● Available data:
───

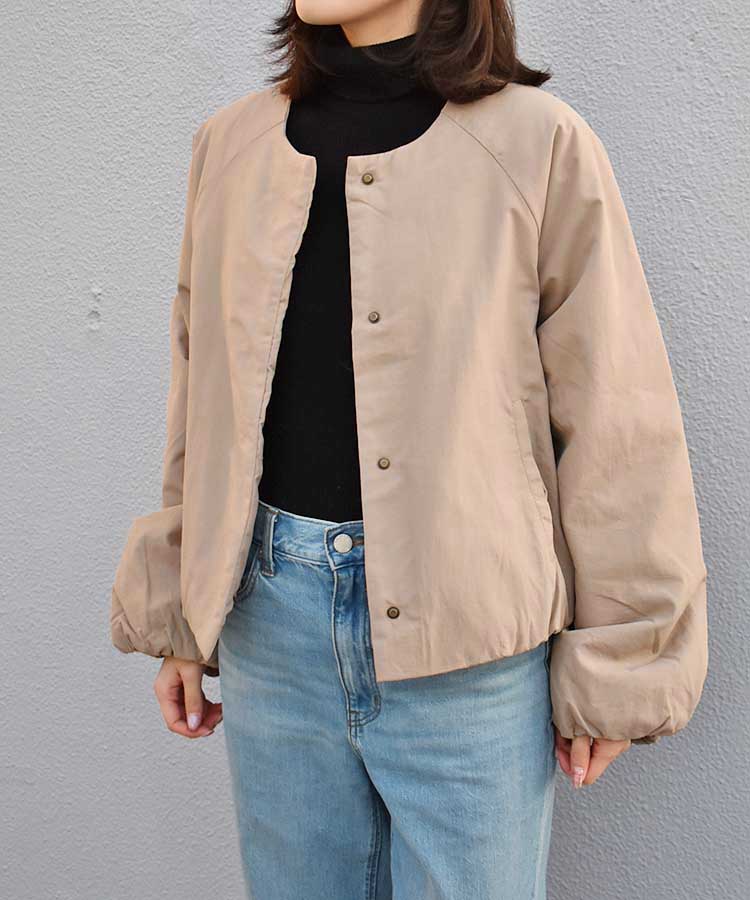 中綿ショートコート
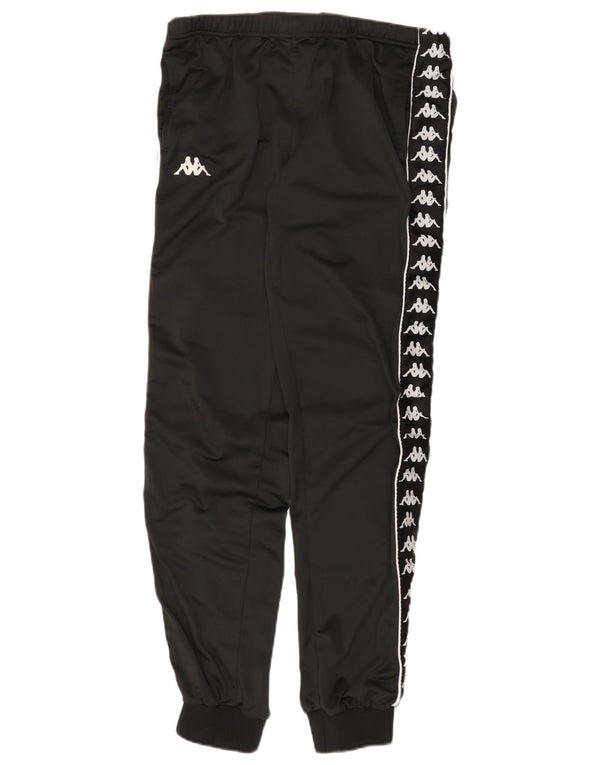 Pantaloni da tuta con grafica Kappa da donna Joggers UK 14 Large Nero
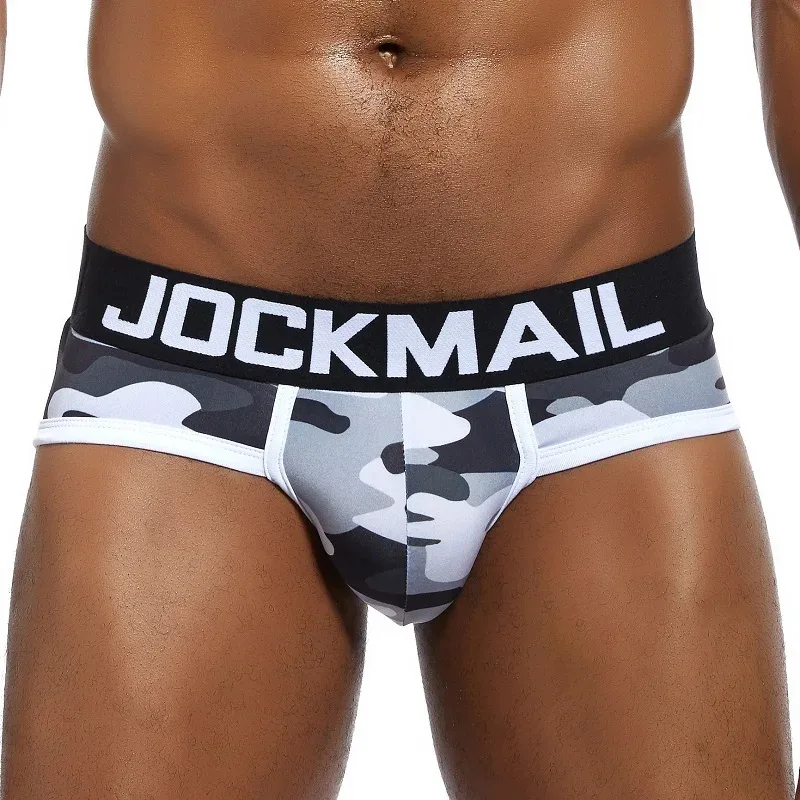 Mapaglarong masaya Sexy Men Underwear Print Underpants Ice silk Briefs Cueca Gay Male Panties Slip 21 Pattern design Shorts — image 34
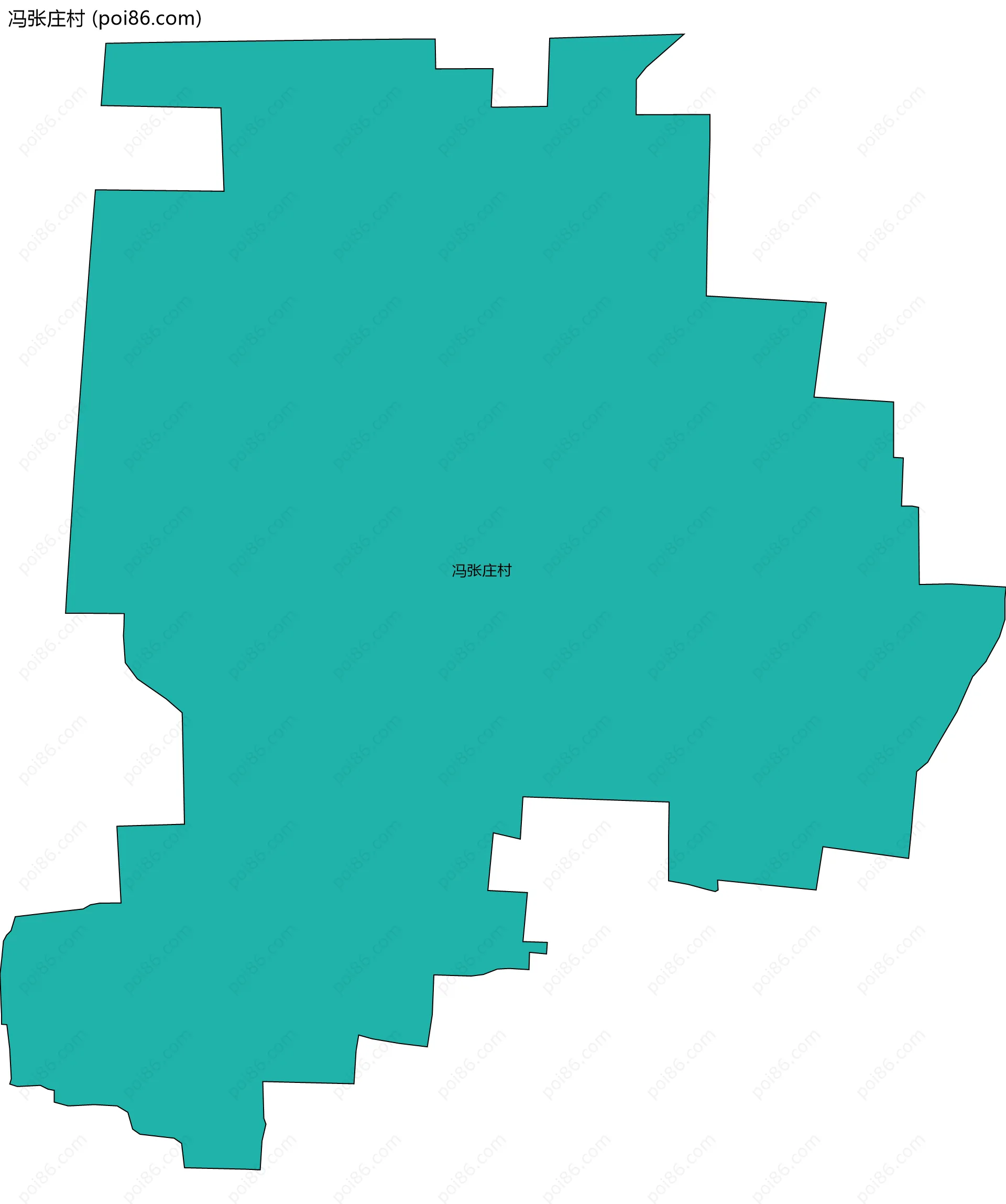 冯张庄村边界地图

───

● Task instructions: Start with the line that holds "Mapaglarong masaya Sexy" and retype each line through the last one in the data, exactly and without pictures.

● Written solution:
 Mapaglarong masaya Sexy Men Underwear Print Underpants Ice silk Briefs Cueca Gay Male Panties Slip 21 Pattern design Shorts — image 34
 冯张庄村边界地图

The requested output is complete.